- **AIM OF THE EXERCISE**
Transcribe the listing exactly, skipping every picture.

- **DATA**

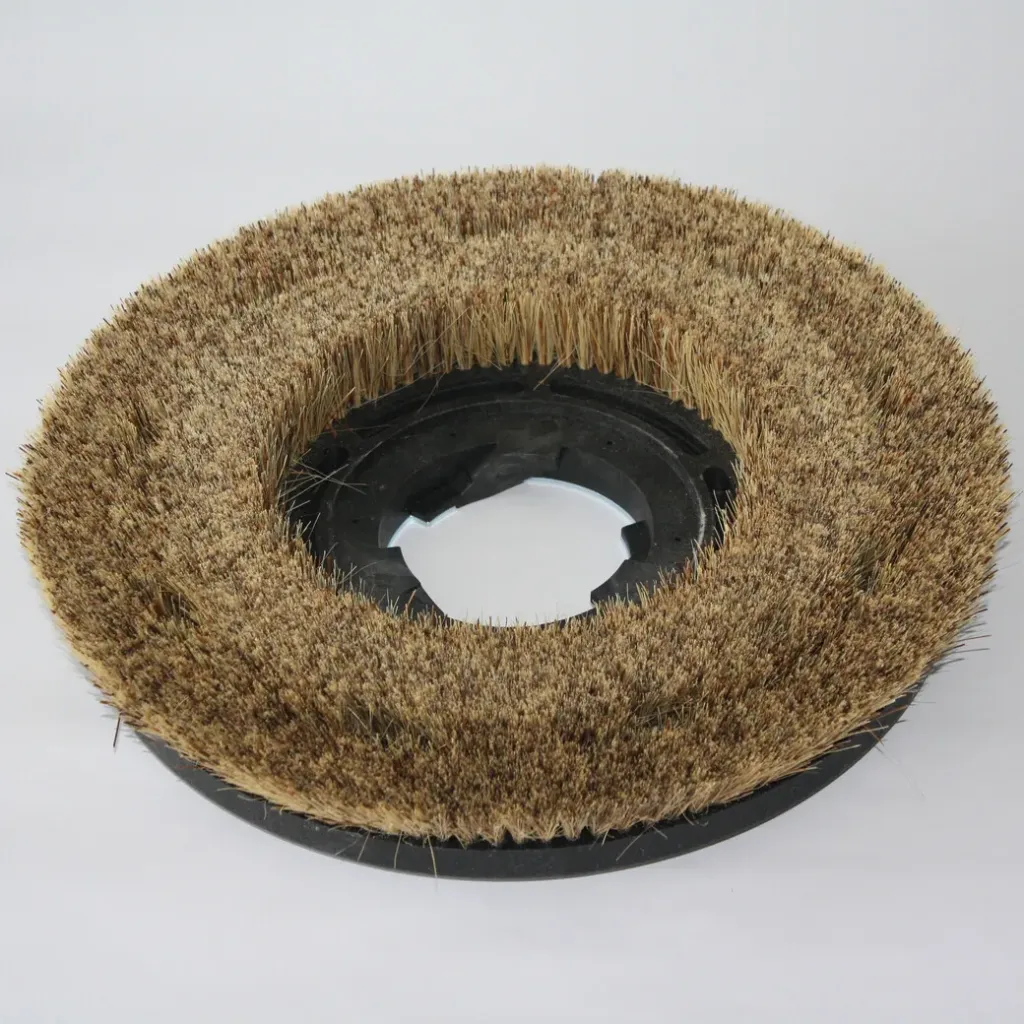 Brosse de polissage (Mexicaine Fibre)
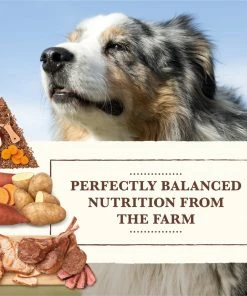 Whole Earth Farms Grain Free Recipe Dry Dog Food with Pork, Beef & Lamb, 25 lb. Bag -Pets & Wildlife Sales Store d57f4b7b6336a8a4297a6b128e97dbca597cfbf9 13735465 6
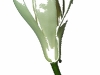 2010-03-36-01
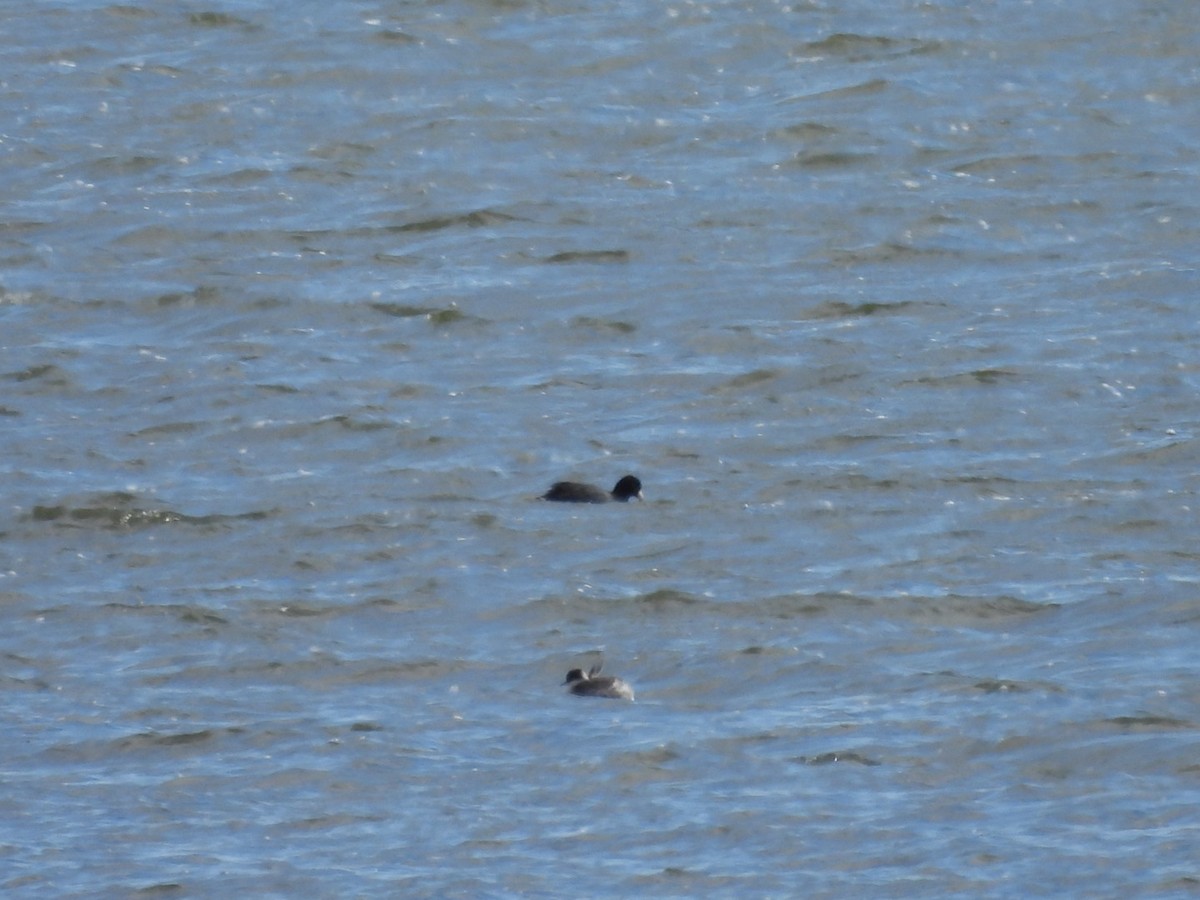 Horned/Eared Grebe - ML646226038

- **EXERCISE ANSWER**
 Brosse de polissage (Mexicaine Fibre)
 Whole Earth Farms Grain Free Recipe Dry Dog Food with Pork, Beef & Lamb, 25 lb. Bag -Pets & Wildlife Sales Store d57f4b7b6336a8a4297a6b128e97dbca597cfbf9 13735465 6
 2010-03-36-01
 Horned/Eared Grebe - ML646226038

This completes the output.